PROBLEM:
Set down the data that follows, exactly and completely.

******

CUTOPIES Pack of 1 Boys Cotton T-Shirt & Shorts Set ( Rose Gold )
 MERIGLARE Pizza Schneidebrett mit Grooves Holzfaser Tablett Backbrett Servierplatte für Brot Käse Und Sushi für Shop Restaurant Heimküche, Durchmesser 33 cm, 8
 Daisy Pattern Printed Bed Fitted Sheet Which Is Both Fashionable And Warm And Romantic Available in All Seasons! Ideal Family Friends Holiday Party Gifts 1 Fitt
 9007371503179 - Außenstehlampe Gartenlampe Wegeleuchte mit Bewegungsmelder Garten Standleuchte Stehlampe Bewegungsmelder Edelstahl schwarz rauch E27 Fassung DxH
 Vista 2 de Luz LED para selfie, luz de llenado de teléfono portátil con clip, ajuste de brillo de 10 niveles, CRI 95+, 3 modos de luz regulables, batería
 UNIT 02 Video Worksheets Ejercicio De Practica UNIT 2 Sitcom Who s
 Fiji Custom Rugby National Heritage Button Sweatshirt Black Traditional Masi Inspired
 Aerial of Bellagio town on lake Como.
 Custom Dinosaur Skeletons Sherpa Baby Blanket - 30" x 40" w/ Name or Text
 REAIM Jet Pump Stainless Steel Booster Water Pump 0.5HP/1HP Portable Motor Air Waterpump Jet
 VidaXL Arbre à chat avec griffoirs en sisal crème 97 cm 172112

******

ANSWER FOR THIS EXERCISE:
CUTOPIES Pack of 1 Boys Cotton T-Shirt & Shorts Set ( Rose Gold )
 MERIGLARE Pizza Schneidebrett mit Grooves Holzfaser Tablett Backbrett Servierplatte für Brot Käse Und Sushi für Shop Restaurant Heimküche, Durchmesser 33 cm, 8
 Daisy Pattern Printed Bed Fitted Sheet Which Is Both Fashionable And Warm And Romantic Available in All Seasons! Ideal Family Friends Holiday Party Gifts 1 Fitt
 9007371503179 - Außenstehlampe Gartenlampe Wegeleuchte mit Bewegungsmelder Garten Standleuchte Stehlampe Bewegungsmelder Edelstahl schwarz rauch E27 Fassung DxH
 Vista 2 de Luz LED para selfie, luz de llenado de teléfono portátil con clip, ajuste de brillo de 10 niveles, CRI 95+, 3 modos de luz regulables, batería
 UNIT 02 Video Worksheets Ejercicio De Practica UNIT 2 Sitcom Who s
 Fiji Custom Rugby National Heritage Button Sweatshirt Black Traditional Masi Inspired
 Aerial of Bellagio town on lake Como.
 Custom Dinosaur Skeletons Sherpa Baby Blanket - 30" x 40" w/ Name or Text
 REAIM Jet Pump Stainless Steel Booster Water Pump 0.5HP/1HP Portable Motor Air Waterpump Jet
 VidaXL Arbre à chat avec griffoirs en sisal crème 97 cm 172112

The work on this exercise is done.